In their continuing effort to eliminate tobacco use, anti-smoking advocates are now lobbying for restrictions on tobacco consumption in “all film media.”
According to the World Health Organization (WHO), any film depicting tobacco consumption should automatically receive the “R” rating and movie studios should “certify that they received no payoffs from tobacco companies to display tobacco products or their use, stop displaying tobacco brands onscreen [and] require strong anti-tobacco advertisements before all movies that have tobacco imagery.”

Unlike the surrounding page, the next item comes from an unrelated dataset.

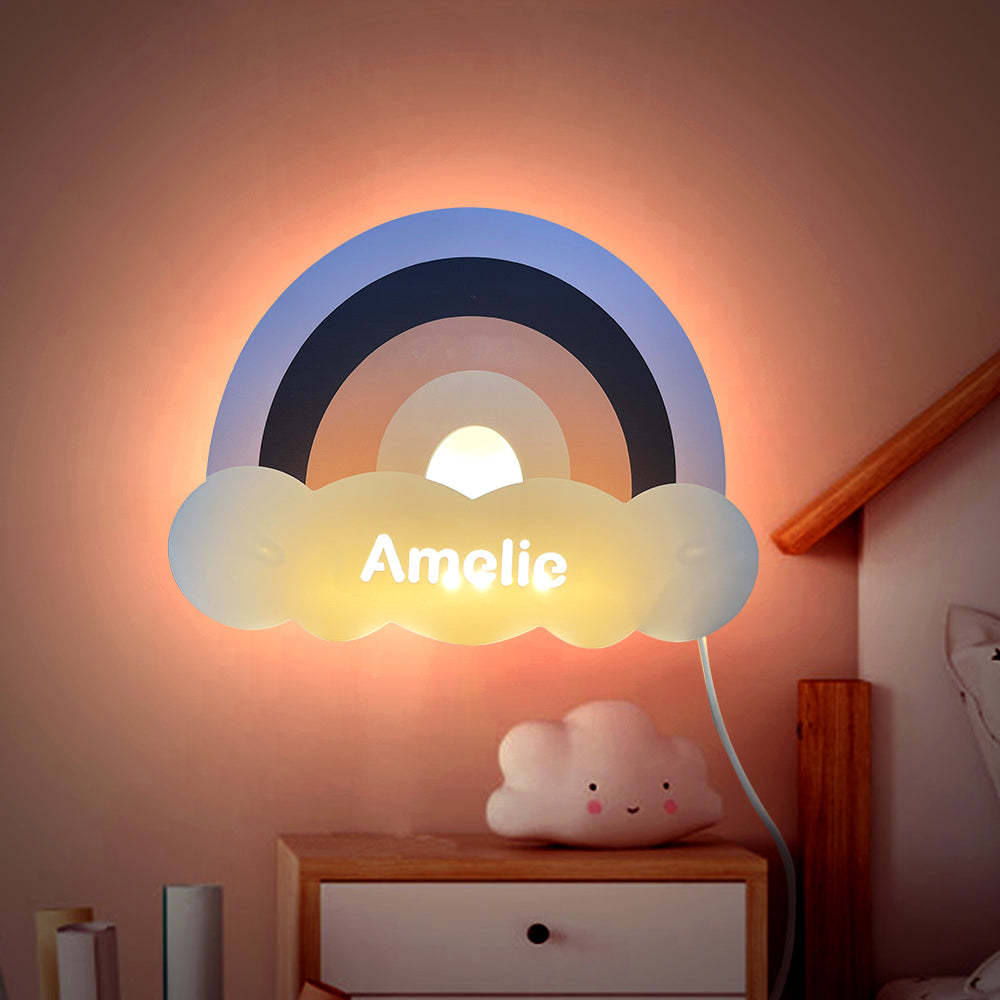 Lampada Da Parete Arcobaleno Con Nome Personalizzato Per Camera Dei Bambini, Regalo Di Compleanno Per Bambini - soufeelit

So what end could possibly justify such blatant violations of personal and creative freedom? Why our children’s health, of course. The American Medical Association Alliance, who recently began a campaign to irritate the movie studios into compliance with these draconian rules, claims that there is […] “a growing body of research showing that youth see and are influenced by these [tobacco] images. In fact, studies show that one-third to half of all new smoking by teens can be attributed to smoking in movies.”
Sure they do.
What all of these convenient studies ignore, however, is just how sophisticated and attentive children are, even during those confusing teenage years. As University of Minnesota Marketing Professor Deborah Roedder John points out, when it comes to advertising “[o]lder children are discriminating consumers […][b]y virtue of their growing sophistication, older children and adolescents find entertainment in analyzing the creativity strategy of many commercials and constructing theories for why certain elements are persuasive.”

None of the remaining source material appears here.